There is little doubt that Creative Services could lead to significant expansions in ASC’s business down the road. “We’re more or less the forward observers,” says Trostle of the division. “We have the opportunity to understand our customers’ product strategy and to have an influence with them. We have the insights that could potentially lead to future business on the actual production side down the road. We can do more with the customers’ up-front product people. For example, we now have a facility in Warren, Mich., across the street from the GM product development facility. Opening this facility shows how Creative Services makes us more intimate with our customers.”

“Zero to Market”
That new facility demonstrates another of ASC’s strong points – its participation in its customers’ efforts to get new products quickly to the marketplace. (The phrase “zero to market in months” is taken from the company’s product literature.) The company employs a team of professionals whose expertise is in plant startup and operation, and whose goal is to get a new product to market in the shortest time possible. As of October, says Trostle, ASC numbers 18 to 19 customer-focused facilities, located around the world. “In the past two years,” he adds, “we’ve opened close to half a dozen new ones dedicated solely to new product offerings.

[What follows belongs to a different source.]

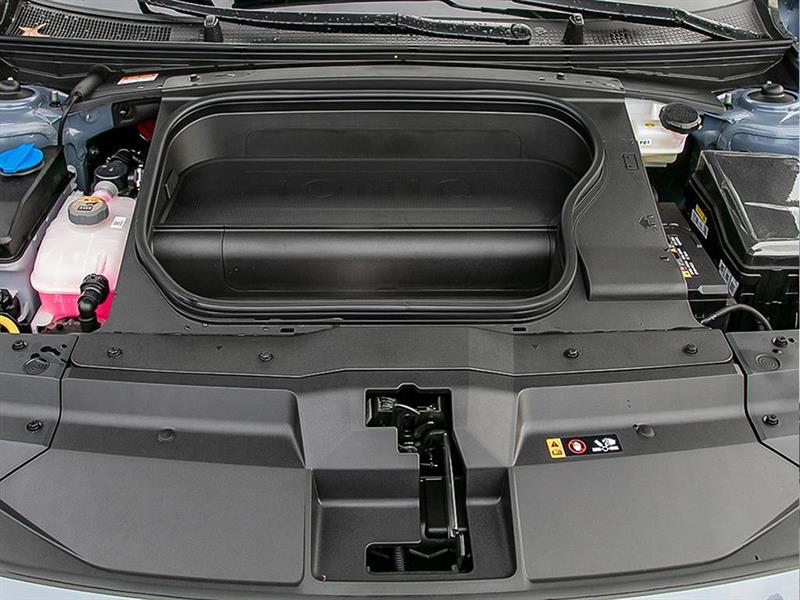 hyundai IONIQ 6 2025 - 6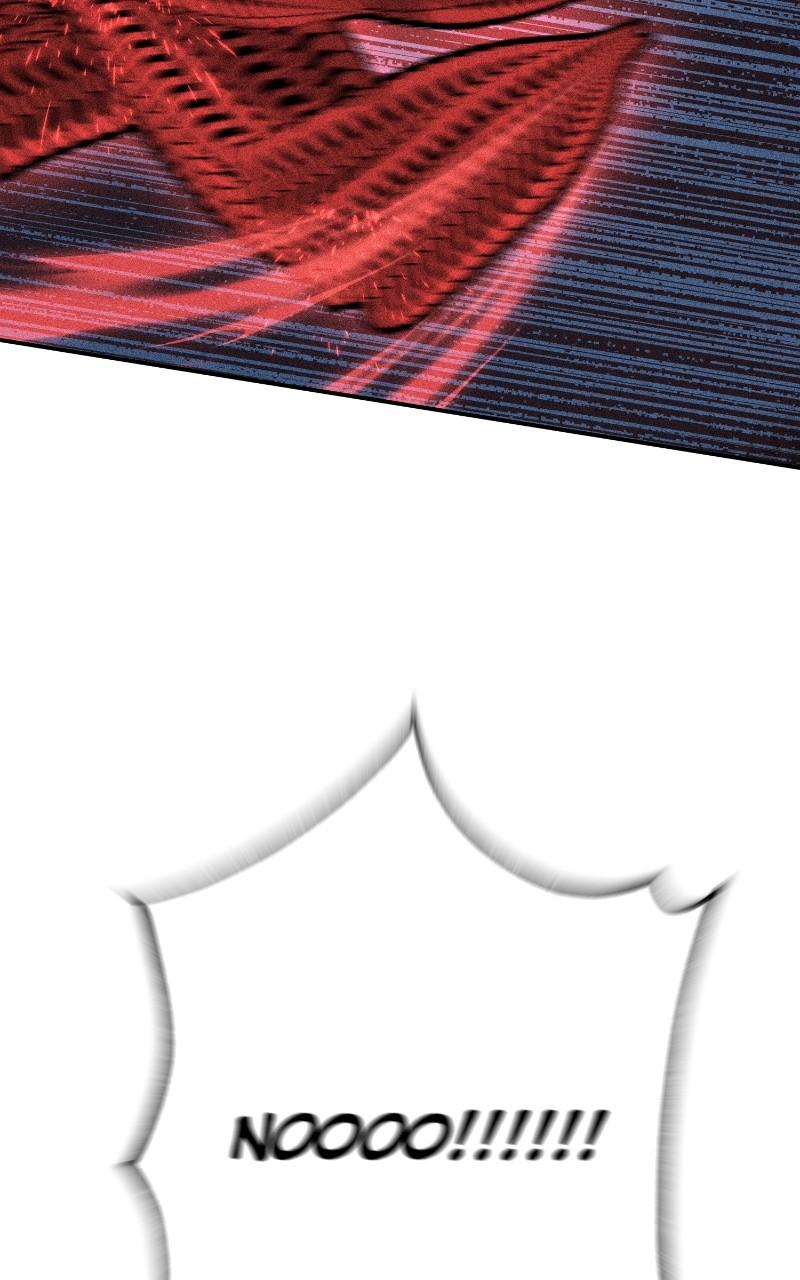 Devilish Son-In-Law Chapter 22 - Page 90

“Our customers are trying to figure out how to get an idea to the market quickly. We embrace that from product development all the way through our lean-manufacturing concept. If there’s a product idea embraced by a customer, we have to be able to do it quicker and more efficiently because that’s our strong suit.” An example of how this works, cited by Trostle, was a recent project done for GM: “We actually went from product concept to opening a new plant to produce the GM U van (the Warner Bros. Edition Oldsmobile Silhouette Premiere and Pontiac Montana models). All of these facilities are set up to be QS 9000-compliant, and all of them use flexible manufacturing design to allow for the expansion of the product offerings that emerge from their assembly lines.

Another distinctive ASC endeavor is its after-market business. Using its American Sunroof Company brand, one of the most recognized after-market brand names in the business, the company has an extensive after-market product line that includes automobile accessory systems. The after-market sector works closely with the dealerships in developing accessories for vehicles, and has also set up a network now consisting of 200 licensed sales and service centers that both sell and service the after-market line.

“We see great opportunities there,” says Trostle. “Customers are demanding more personalized vehicles, and if they can’t get them at the OEM level, they’ll go to us in the Tier One sector and to the dealer level.”

The ultimate customer, the driver of the car in which ASC had a hand in producing, provides the key to company’s business. This is why the company works as hard as it does in its relationships with the auto makers. “At the end of the day, its the GM, Ford or Chrysler people who make the ultimate decision because it’s their brands,” says Doyle.